Backs up the Patent mention of TM01 mode.

Fairly clear to me, TM010 is probably Shawyers EM Drive mode.



There is no TM010 for a truncated cone. TM010 means m=0;n=1;p=0. 

p=0 means constant electromagnetic field in the longitudinal direction. That is a basic fact.

If the mode would be constant in the longitudinal direction, it would make absolutely no difference where to plug the RF connection. 

The picture you posted shows a variation of the electromagnetic field in the longitudinal direction, therefore it is obvious that this cannot be TM010.

Truncated cones do not have the mode shape TM010.

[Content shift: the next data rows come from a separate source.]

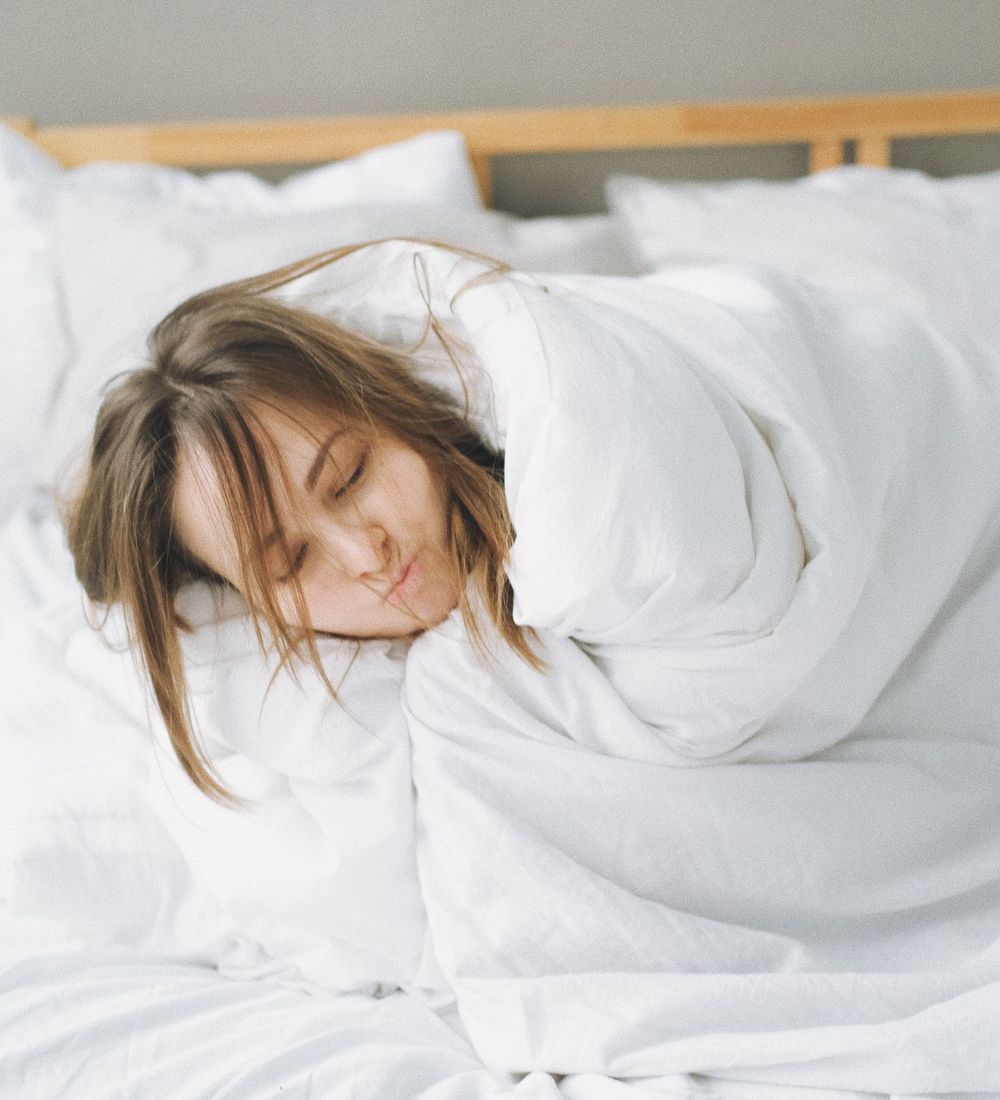 Personne endormie sereinement sous une couette blanche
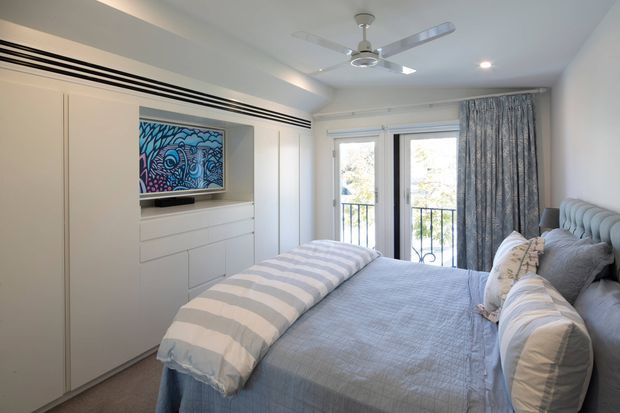 Bright, compact bedroom with a built-in wall of white cabinetry and integrated media niche, a low-profile bed dressed in layered pale blue and white bedding, and upholstered grey-blue headboard. French doors open to a small balcony, while patterned curtains, recessed ceiling lights, and a ceiling fan complete the clean coastal-inspired interior.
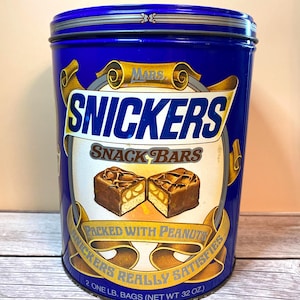 May include: A cylindrical blue metal tin featuring the Snickers logo, the text Snack Bars, Packed With Peanuts, and Snickers Really Satisfies. The front displays an illustration of two halved chocolate bars. It states 2 One Lb. Bags (Net Wt 32 Oz.).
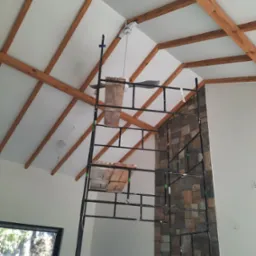 Wnętrze w trakcie prac wykończeniowych: widoczne drewniane belki stropowe, fragment ściany wyłożonej kamieniem dekoracyjnym oraz rusztowanie z drewnianymi podestami.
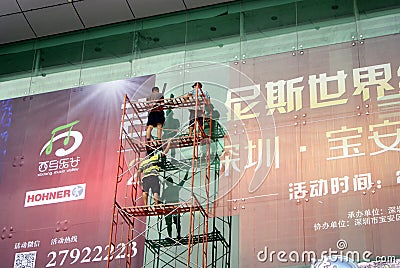 Shenzhen, China: installation of advertising signs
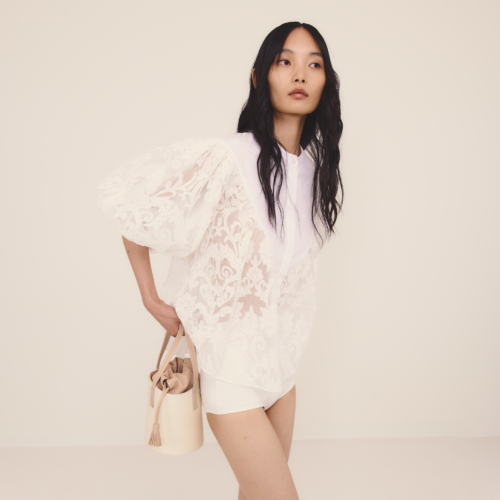 Blusa bianca in pizzo ricamato collo guru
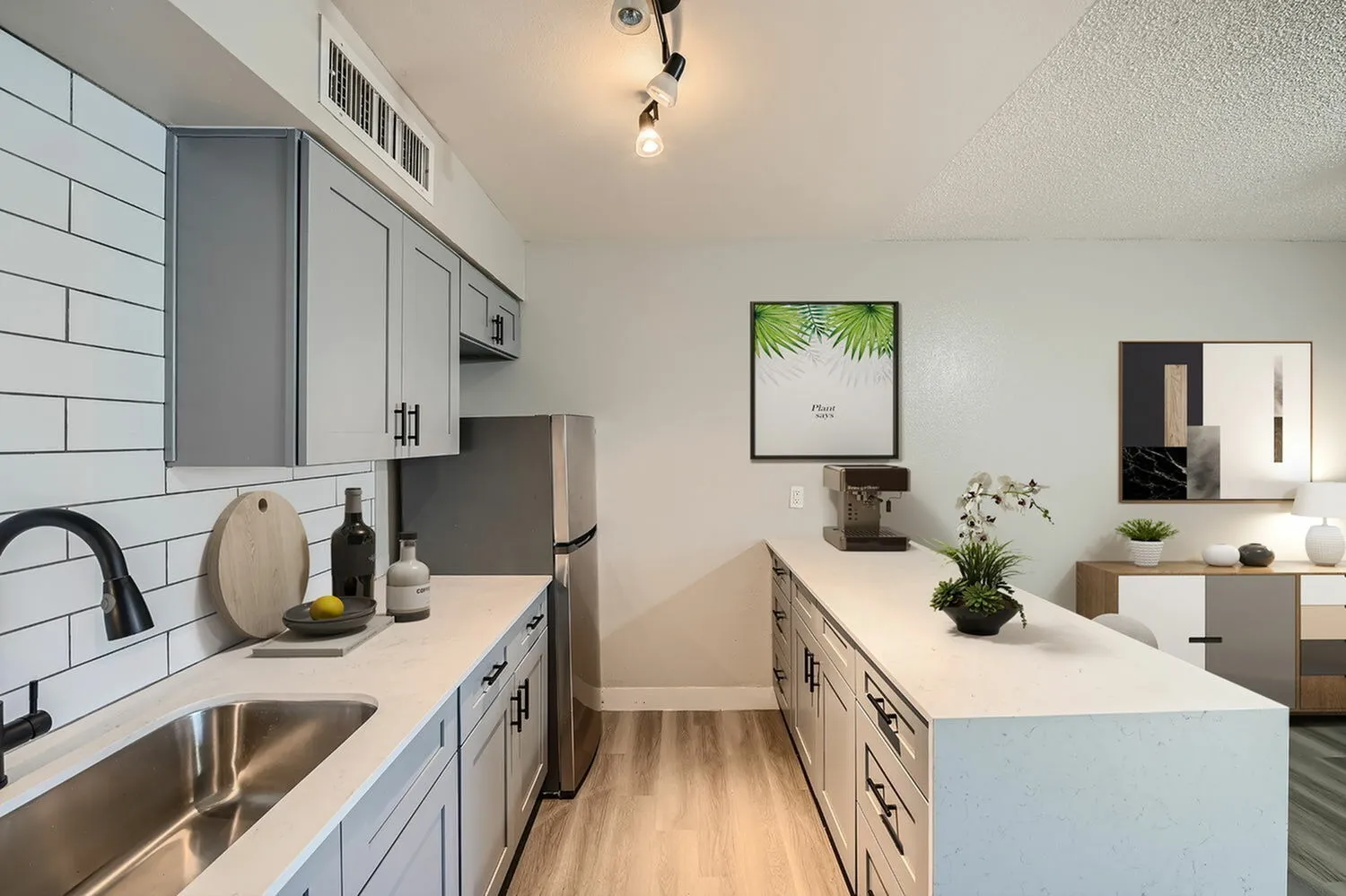 Kitchen, white shaker cabinetry, quartz countertops, stainless appliances, wood-style plank flooring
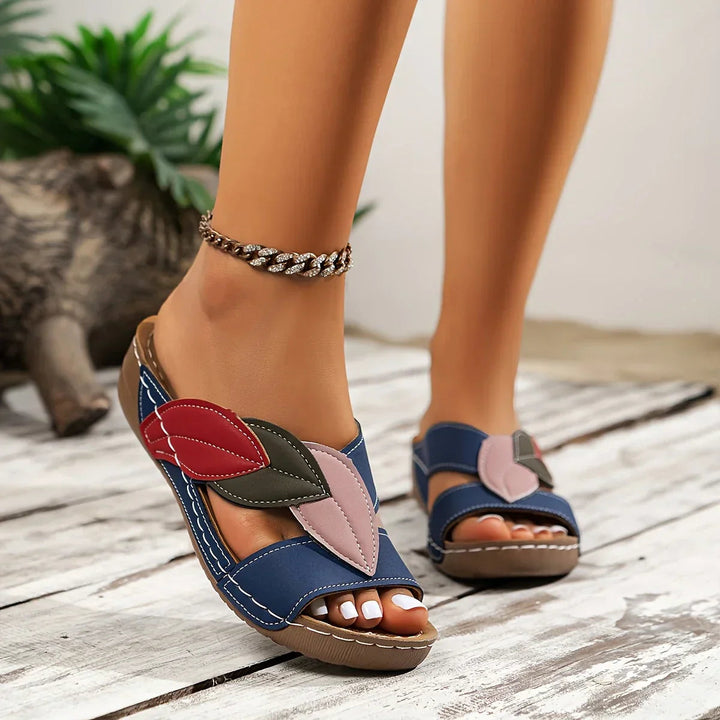 Vista lateral de sandalias florales de mujer, combinan confort y elegancia para el día a día.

A truncated cone has to have a variation of the electromagnetic field in the longitudinal direction. 

What is being labeled as TM010 is a "degenerate" mode that has a variation in the longitudinal direction and is closest to the cylindrical TM010.

COMSOL's Finite Element Analysis does not give the values of m,n,p, it only gives the natural frequencies and the mode shape images.  NASA's FEA analyst had to come up with a designation for the mode (there is no standard notation for truncated cone mode shapes).  He chose this designation because this degenerate mode had a frequency below that of the other mode that "looks" like TM011.

This degenerate mode has no analogous mode in a cylindrical cavity.

In a truncated cone, TM010 gets cut-off and mode TM011 gets bifurcated into two degenerate modes: one with a lower frequency and another one with a higher frequency.

This mode can only take place in a truncated cone.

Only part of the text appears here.